A favorite lokanta is the Sultanahmet Köftecisi located midway between the Grand Bazaar and
Topkapi Palace. They serve simple lunches of lentil soup, white bean salad, and
grilled lamb köfte which we wash down with the yogurt drink called ayran. It’s
just as popular with locals as with tourists.
The restaurant
scene today in Istanbul is a culinary paradise and several restaurants are
recreating traditional Ottoman dishes. Two that we really like are both pricey
but we think worth the splurge: The Tugra restaurant inside the Çırağan Palace Hotel
has patio seating along the Bosphorus (plan a visit during the full moon!). In
Sultanahmet, we enjoyed the Matbah restaurant in the Ottoman Imperial Hotel. Of
course, whenever possible, we like to shop at the markets with Turkish friends
and dine in their homes.
There are two
locations that we love to frequent for fish dinners in Istanbul: The flower
passage in BeyoÄźlu, and the street of fish restaurants in an old Armenian
neighborhood called Kumkapi (meaning sand gate) located downhill from
Sultanahmet near the Sea of Marmara.
The owner of the
popular Hamdi restaurant that overlooks the Galata Bridge serves spicy, sumptuous cuisine of southeastern
Turkey. We could eat there every day. Hamdi is always humming with families and
friends.
Although we’ve
visited several Turkish baths in the city, from elegant hotels to rustic
neighborhood hamams, a favorite bath remains the Çemberlitaş Hamam, which we write about in our book.

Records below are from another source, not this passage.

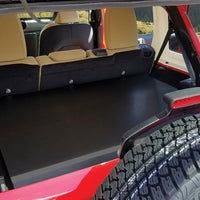 Tuffy Products Deluxe Enclosure For Jeep Wrangler W/O Subwoofer - Roofs & Roof Accessories
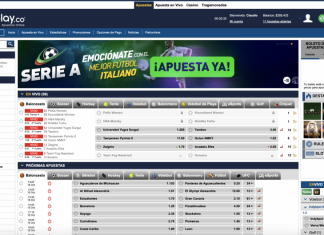 Apuestas en Wplay.co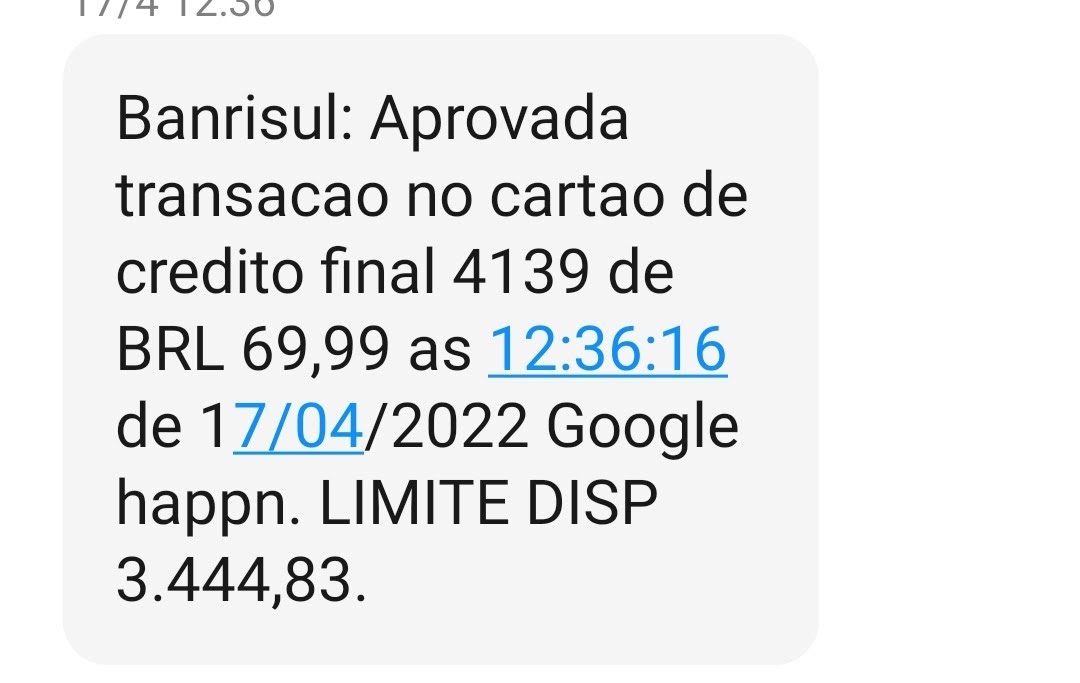 Compra cancelada e não recebi o reembolso - Comunidade Google Play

Architect Mimar Sinan, a contemporary of Michelangelo, designed this bath. We haven’t yet
visited another hamam built by Sinan, the restored Baths of Roxelana that
caters to high-end clients, so are looking forward to this down the road.
And speaking of
high-end clients, we had the opportunity to explore both locations of the
Istanbul department store, Armaggan. The merchandise, more like art objects,
harkens back to the crafts guilds during the Seljuk and Ottoman Empires.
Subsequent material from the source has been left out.